*Description of the task*: Please quote exactly the lines below from the line containing "Tappeto per Soggiorno, 160" to the line containing "Spilled Latte Striped", both lines included, and nothing else.

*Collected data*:
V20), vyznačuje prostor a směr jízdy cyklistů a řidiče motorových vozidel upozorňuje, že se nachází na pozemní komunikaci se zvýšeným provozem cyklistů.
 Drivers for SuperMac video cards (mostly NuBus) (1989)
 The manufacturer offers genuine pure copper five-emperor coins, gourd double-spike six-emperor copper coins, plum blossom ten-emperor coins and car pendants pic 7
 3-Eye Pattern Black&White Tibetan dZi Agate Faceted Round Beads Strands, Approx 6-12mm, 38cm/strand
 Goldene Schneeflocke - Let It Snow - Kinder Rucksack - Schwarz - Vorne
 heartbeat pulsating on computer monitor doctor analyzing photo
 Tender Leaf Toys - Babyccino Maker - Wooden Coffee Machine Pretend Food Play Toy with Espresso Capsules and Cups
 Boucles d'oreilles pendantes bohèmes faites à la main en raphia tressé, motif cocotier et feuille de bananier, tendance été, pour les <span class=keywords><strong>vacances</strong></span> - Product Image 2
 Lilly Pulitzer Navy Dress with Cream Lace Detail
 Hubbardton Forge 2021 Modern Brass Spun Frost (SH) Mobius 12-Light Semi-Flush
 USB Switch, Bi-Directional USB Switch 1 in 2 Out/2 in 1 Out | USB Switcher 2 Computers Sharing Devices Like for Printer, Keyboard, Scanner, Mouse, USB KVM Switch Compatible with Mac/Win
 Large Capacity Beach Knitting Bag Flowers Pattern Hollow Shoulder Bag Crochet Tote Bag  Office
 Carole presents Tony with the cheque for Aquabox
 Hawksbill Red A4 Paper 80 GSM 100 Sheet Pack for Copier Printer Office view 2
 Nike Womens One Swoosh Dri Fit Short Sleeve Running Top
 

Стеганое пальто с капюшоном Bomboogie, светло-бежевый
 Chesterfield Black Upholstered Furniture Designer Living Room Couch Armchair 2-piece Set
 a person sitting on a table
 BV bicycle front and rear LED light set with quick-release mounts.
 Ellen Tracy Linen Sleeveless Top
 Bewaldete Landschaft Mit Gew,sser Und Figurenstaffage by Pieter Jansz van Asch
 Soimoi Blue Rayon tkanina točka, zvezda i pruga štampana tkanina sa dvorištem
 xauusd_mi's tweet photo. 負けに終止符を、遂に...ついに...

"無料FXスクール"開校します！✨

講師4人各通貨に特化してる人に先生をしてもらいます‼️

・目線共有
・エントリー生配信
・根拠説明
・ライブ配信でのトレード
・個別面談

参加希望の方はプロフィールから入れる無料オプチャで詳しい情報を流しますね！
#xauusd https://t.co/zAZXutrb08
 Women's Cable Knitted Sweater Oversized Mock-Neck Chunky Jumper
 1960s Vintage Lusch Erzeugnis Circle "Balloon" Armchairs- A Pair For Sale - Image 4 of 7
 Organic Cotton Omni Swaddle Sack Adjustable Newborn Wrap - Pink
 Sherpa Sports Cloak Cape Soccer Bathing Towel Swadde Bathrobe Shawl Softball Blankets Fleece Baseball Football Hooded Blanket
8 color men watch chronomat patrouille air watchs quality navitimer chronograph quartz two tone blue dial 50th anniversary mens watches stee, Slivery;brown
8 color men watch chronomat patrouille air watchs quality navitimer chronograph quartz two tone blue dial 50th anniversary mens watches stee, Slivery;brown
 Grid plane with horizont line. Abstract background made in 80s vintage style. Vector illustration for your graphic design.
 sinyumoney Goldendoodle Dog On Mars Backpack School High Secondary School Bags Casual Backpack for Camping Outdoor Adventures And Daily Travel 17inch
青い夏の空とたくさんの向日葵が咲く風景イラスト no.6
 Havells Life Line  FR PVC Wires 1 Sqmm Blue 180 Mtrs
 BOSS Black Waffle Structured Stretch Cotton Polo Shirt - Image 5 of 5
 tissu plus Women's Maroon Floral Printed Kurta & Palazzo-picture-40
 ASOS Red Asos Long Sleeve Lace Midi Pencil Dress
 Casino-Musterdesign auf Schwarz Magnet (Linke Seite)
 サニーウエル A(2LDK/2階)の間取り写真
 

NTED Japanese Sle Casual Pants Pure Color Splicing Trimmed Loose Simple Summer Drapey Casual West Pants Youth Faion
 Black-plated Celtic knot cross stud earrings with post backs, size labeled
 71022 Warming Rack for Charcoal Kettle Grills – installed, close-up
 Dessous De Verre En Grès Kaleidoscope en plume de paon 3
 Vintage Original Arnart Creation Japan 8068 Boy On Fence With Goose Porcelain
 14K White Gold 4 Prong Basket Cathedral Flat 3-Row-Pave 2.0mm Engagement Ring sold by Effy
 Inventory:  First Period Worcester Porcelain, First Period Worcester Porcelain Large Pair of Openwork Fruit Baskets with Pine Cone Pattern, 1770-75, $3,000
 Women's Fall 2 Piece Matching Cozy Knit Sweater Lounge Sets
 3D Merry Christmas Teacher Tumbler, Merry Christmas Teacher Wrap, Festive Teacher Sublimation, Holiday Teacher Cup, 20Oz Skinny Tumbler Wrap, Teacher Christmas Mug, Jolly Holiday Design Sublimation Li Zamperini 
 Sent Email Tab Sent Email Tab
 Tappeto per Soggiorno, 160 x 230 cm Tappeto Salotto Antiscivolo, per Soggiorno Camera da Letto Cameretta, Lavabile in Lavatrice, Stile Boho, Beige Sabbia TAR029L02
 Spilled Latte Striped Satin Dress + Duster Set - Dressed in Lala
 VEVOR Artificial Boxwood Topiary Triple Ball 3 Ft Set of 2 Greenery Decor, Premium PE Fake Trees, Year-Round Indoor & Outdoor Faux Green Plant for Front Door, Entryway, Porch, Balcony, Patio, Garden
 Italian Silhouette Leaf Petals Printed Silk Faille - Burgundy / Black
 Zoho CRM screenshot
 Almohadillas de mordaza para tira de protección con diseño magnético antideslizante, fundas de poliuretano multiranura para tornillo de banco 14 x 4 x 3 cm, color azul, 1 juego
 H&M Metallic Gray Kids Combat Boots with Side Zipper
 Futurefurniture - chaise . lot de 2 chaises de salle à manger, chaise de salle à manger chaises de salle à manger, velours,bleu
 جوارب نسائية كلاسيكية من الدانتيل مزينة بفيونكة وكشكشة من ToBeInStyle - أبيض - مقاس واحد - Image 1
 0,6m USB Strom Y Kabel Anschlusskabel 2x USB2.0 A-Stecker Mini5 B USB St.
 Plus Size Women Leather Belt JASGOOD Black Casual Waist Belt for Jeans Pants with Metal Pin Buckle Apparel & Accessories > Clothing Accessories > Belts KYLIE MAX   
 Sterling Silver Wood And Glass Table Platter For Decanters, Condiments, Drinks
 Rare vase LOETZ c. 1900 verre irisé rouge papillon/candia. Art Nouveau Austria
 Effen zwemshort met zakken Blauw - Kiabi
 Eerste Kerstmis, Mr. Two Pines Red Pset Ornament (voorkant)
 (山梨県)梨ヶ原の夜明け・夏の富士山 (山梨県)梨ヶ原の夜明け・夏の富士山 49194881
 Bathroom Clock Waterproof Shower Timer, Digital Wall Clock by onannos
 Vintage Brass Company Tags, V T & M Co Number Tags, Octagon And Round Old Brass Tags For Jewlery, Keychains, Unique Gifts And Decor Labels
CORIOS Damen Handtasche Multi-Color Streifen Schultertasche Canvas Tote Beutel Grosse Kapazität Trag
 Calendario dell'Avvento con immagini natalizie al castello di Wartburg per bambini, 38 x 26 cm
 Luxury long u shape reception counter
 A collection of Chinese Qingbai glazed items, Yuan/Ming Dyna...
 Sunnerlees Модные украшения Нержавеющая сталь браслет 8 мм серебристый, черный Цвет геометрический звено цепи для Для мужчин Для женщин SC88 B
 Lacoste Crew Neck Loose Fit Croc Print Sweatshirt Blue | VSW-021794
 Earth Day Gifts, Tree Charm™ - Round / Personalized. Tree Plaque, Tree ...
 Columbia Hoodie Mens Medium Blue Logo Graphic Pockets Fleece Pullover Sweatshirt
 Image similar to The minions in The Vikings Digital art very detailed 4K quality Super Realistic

*Solution to this task*:
 Tappeto per Soggiorno, 160 x 230 cm Tappeto Salotto Antiscivolo, per Soggiorno Camera da Letto Cameretta, Lavabile in Lavatrice, Stile Boho, Beige Sabbia TAR029L02
 Spilled Latte Striped Satin Dress + Duster Set - Dressed in Lala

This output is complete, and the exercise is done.